Nested function

In computer programming, a nested function (or nested procedure or subroutine) is a function which is defined within another function, the enclosing function. Due to scope rules, the nested function can thus access local variables of the enclosing function, and in turn the nested function cannot be accessed outside of the enclosing function. The nesting is theoretically possible to any ideas of depth, although only a few levels are normally used in practical programs.
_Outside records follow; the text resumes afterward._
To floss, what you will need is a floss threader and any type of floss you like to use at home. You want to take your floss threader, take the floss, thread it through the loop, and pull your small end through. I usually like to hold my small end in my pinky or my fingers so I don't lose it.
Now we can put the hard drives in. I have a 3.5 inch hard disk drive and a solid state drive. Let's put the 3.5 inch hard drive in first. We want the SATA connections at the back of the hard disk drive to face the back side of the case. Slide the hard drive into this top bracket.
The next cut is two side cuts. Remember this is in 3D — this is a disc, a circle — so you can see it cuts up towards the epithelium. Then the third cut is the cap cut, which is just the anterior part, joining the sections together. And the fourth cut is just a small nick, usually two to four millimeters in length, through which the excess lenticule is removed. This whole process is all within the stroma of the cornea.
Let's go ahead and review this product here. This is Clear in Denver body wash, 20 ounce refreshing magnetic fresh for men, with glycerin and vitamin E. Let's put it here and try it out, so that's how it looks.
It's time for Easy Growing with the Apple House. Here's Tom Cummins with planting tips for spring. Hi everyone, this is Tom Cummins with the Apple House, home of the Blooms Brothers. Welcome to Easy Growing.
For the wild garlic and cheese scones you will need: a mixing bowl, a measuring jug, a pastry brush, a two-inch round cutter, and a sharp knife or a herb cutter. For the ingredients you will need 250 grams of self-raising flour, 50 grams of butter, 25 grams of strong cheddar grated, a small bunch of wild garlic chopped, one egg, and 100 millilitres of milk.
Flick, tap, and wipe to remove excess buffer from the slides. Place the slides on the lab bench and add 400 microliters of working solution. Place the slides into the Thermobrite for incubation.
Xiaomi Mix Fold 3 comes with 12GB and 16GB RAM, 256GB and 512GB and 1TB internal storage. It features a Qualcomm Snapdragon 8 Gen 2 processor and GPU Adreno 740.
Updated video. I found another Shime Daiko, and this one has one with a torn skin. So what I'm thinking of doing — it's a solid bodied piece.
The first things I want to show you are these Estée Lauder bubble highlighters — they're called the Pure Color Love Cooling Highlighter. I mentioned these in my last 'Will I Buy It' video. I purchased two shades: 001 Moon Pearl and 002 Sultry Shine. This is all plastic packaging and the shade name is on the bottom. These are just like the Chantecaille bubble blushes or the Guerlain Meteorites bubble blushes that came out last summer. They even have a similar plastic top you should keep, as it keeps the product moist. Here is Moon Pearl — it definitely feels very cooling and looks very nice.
Nested functions are used in many approaches to structured programming, including early ones, such as ALGOL, Simula and Pascal, and also in many modern dynamic languages and functional languages. However, they are typically not supported in the C-family of languages. This is largely due to significant implementation difficulties in implementing closures, which result from nested functions in many circumstances.

Effects

Nested functions have a number of effects, most basically due to scope; this assumes function scope or block scope. More simply and less importantly, the scope of the nested function is inside the enclosing function, which means that it is invisible outside of it. More importantly, the (body of the) nested function is in the scope of local variables of the enclosing function (if they have function scope), or of local variables in the top block of the function (if they have block scope), and likewise other local functions, constants, types, classes, etc.^{[lower-alpha 1]} This means it can access these entities, both for reading and writing, without explicit passing: it can access the enclosing environment, which greatly simplifies passing data into and out of the nested function.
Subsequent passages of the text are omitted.